Human CuZn SOD is a dimeric metallo-protein composed of identical non-covalently linked subunits, each having a molecular weight of 16,000 daltons and containing one atom of copper and one of zinc (5). Each subunit is composed of 153 amino acids whose sequence has been established (6,7).
The cDNA encoding human CuZn superoxide dismutase has been cloned (8). The complete sequence of the cloned DNA has also been determined (9). Moreover, expression vectors containing DNA encoding superoxide dismutase for the production and recovery of superoxide dismutase in bacteria have been described (24,25). The expression of a superoxide dismutase DNA and the production of SOD in yeast has also been disclosed (26).
Recently, the CuZn SOD gene locus on human chromosome 21 has been characterized (27) and recent developments relating to CuZn superoxide dismutase have been summarized (28).

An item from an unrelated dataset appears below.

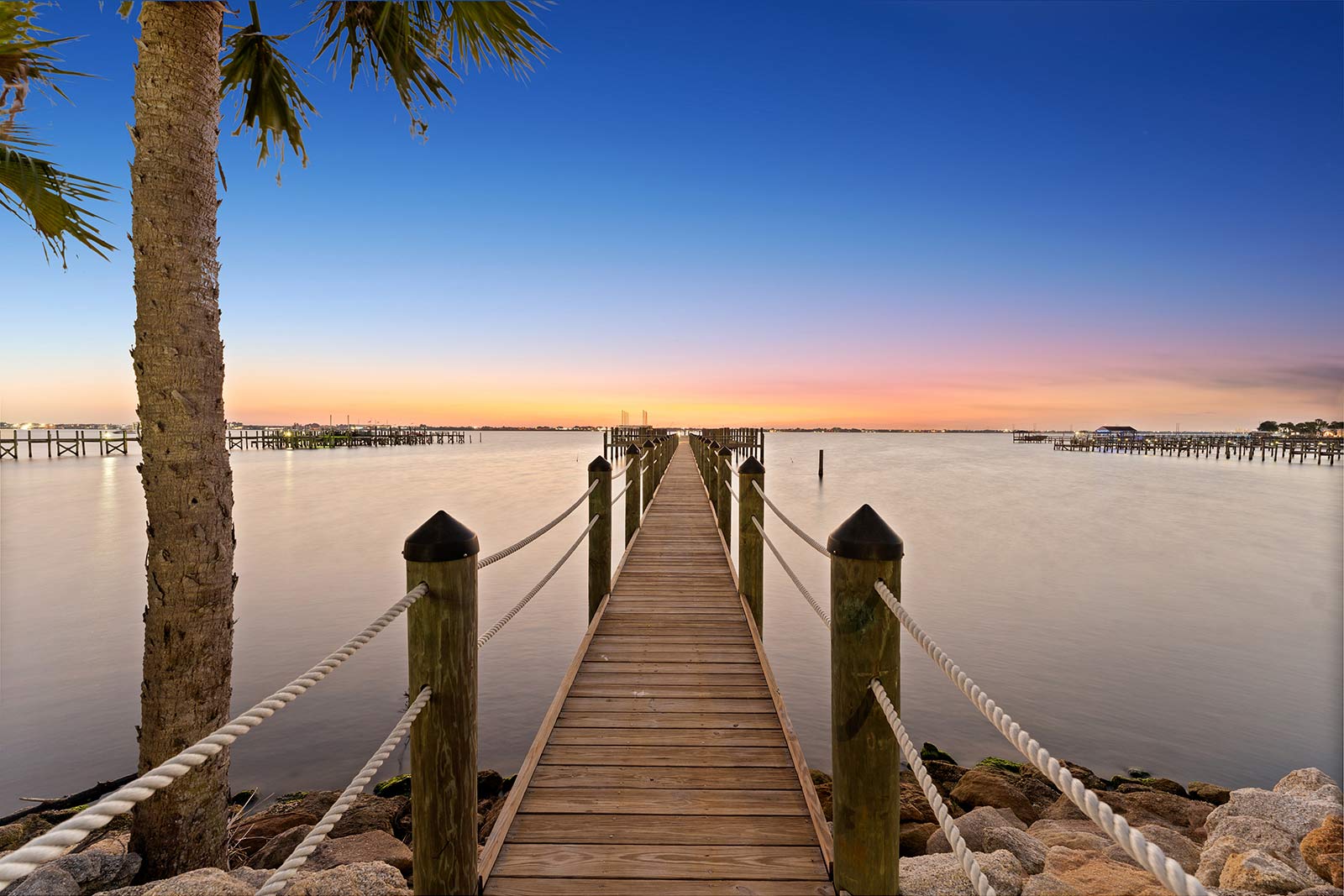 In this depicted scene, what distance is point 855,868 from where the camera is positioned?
2.21 m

Much less is known about manganese superoxide dismutase (MnSOD). The MnSOD of E. coli K-12 has recently been cloned and mapped (22). Barra et al. disclose a 196 amino acid sequence for the MnSOD polypeptide isolated from human liver cells (19). Prior art disclosures differ, however, concerning the structure of the MnSOD molecule, particularly whether it has two or four identical polypeptide subunits (19,23). It is clear, however, that the MnSOD polypeptide and the CuZn SOD polypeptide are not homologous (19). The amino acid sequence homologies of MnSODs and FeSOD from various sources have also been compared (18).
Baret et al. disclose in a rat model that the half life of human MnSOD is substantially longer than the half-life of human copper SOD; they also disclose that in the rat model, human MnSOD and rat copper SOD are not effective as anti-inflammatory agents whereas bovine copper SOD and human copper SOD are fully active (20).

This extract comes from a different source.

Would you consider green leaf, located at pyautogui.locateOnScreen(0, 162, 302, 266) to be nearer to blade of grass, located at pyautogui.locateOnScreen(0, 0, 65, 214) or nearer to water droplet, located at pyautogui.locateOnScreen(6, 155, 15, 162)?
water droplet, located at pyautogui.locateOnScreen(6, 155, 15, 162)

McCord et al. disclose that naturally occurring human manganese superoxide dismutase protects human phagocytosing polymorphonuclear (PMN) leukocytes from superoxide free radicals better than bovine or porcine CuZn superoxide dismutase in "in vitro" tests (21).
The present invention concerns the preparation of a cDNA molecule encoding the human manganese superoxide dismutase polypeptide or an analog or mutant thereof. It is also directed to inserting this cDNA into efficient bacterial expression vectors, to producing human MnSOD polypeptide, analog, mutant and enzyme in bacteria, to recovering the bacterially produced human MnSOD polypeptide, analog, mutant or enzyme. This invention is also directed to the human MnSOD polypeptides, analogs, or mutants thereof so recovered and their uses.
This invention further provides a method for producing enzymatically active human MnSOD in bacteria, as well as a method for recovering and purifying such enzymatically active human MnSOD.
The present invention also relates to a (NA molecule encoding the human MnSOD gene. It is also directed to inserting the DNA into mammalian cells to produce MnSOD polypeptide, analog, mutant and enzyme.
The present invention also relates to using human manganese superoxide dismutase or analogs or mutants thereof to catalyze the reduction of superoxide radicals to hydrogen peroxide and molecular oxygen. In particular, the present invention concerns using bacterially produced MnSOD or analogs or mutants thereof to reduce reperfusion injury following ischemia and prolong the survival period of excised isolated organs. It also concerns the use of bacterially produced MnSOD or analogs thereof to treat inflammations.